- **Available data**:
+---+

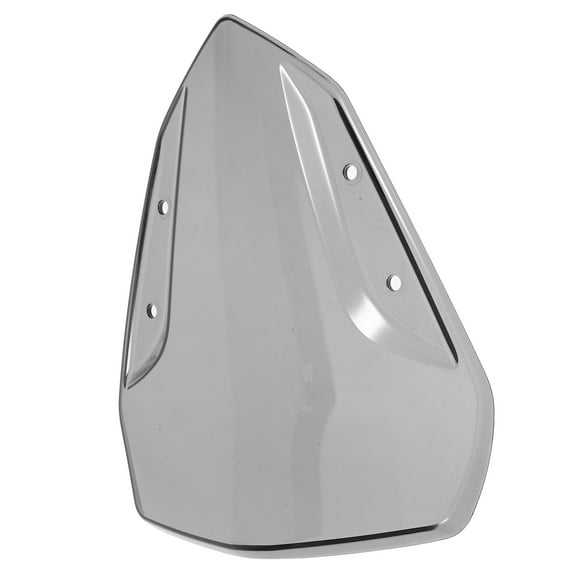PBPBOX Motorcycle Windshield Front Wind Deflector Black Plastic Windshield for Motorbike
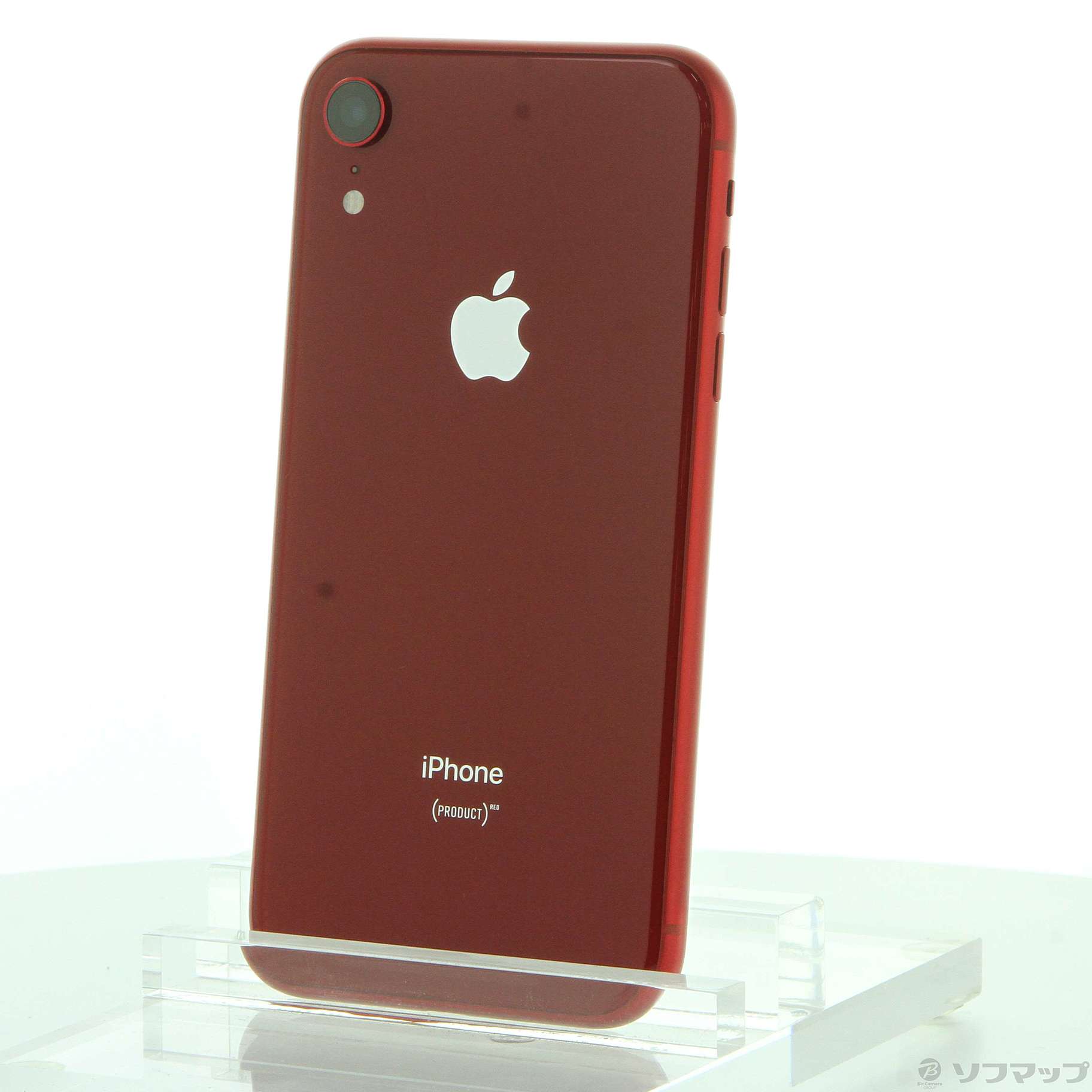 (中古)Apple iPhoneXR 64GB プロダクトレッド MT062J/A SIMフリー(198-ud)
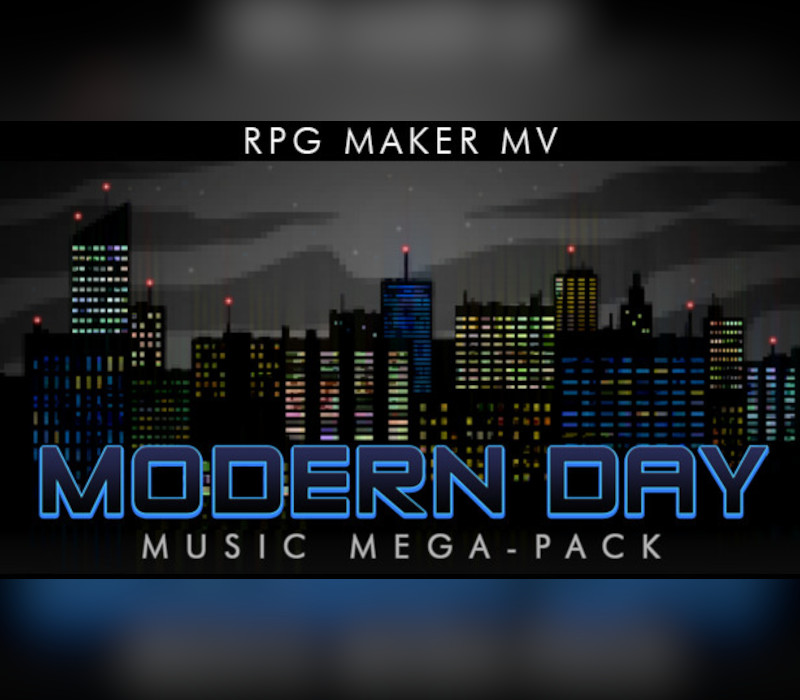 RPG Maker MV – Modern Day Music Mega-Pack DLC EU Steam CD Key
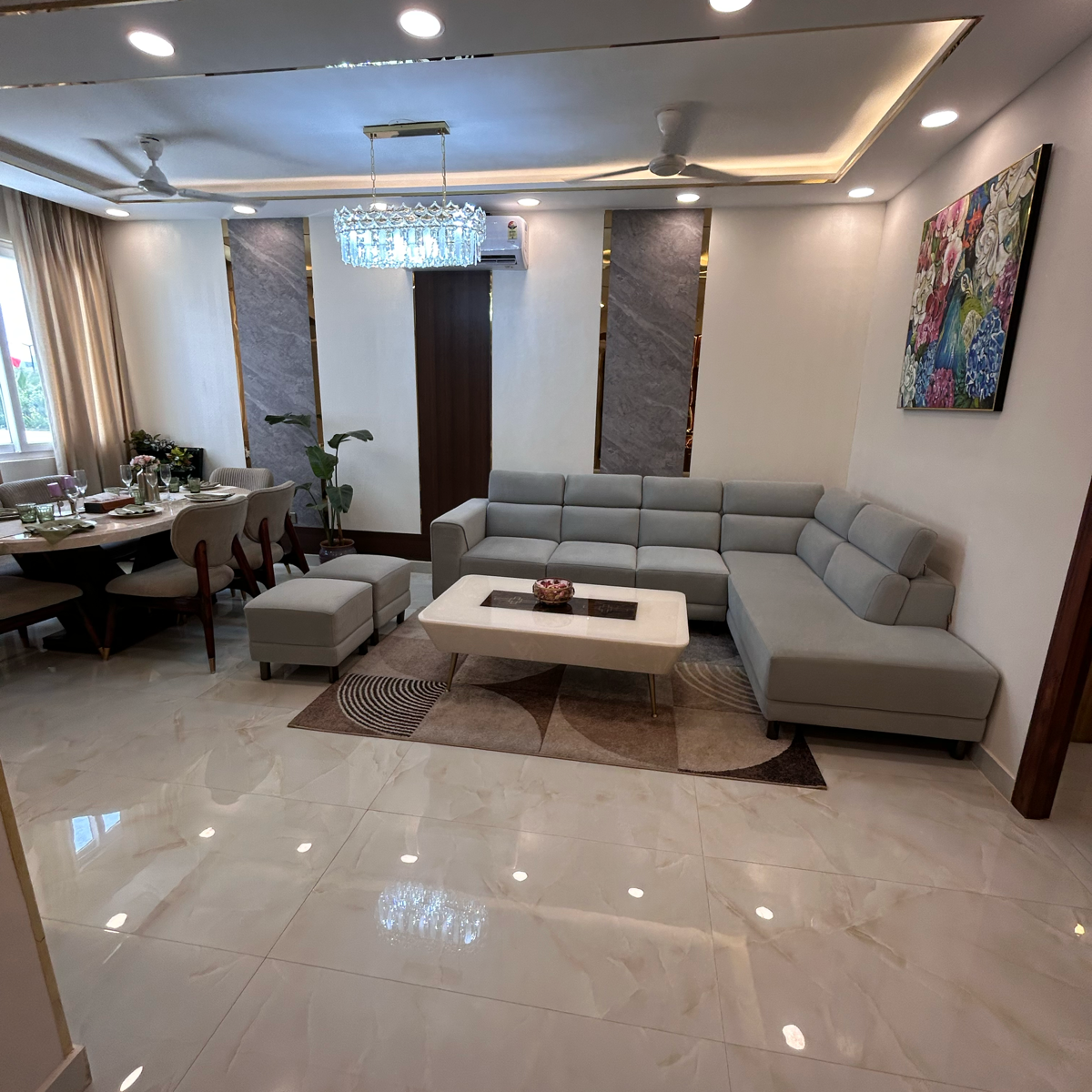 3 BHK Builder Floor For Sale in JMS The Majestic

+---+

- **About this task**: Output the data exactly. Leave every picture out.

- **Finished task**:
PBPBOX Motorcycle Windshield Front Wind Deflector Black Plastic Windshield for Motorbike
 (中古)Apple iPhoneXR 64GB プロダクトレッド MT062J/A SIMフリー(198-ud)
 RPG Maker MV – Modern Day Music Mega-Pack DLC EU Steam CD Key
 3 BHK Builder Floor For Sale in JMS The Majestic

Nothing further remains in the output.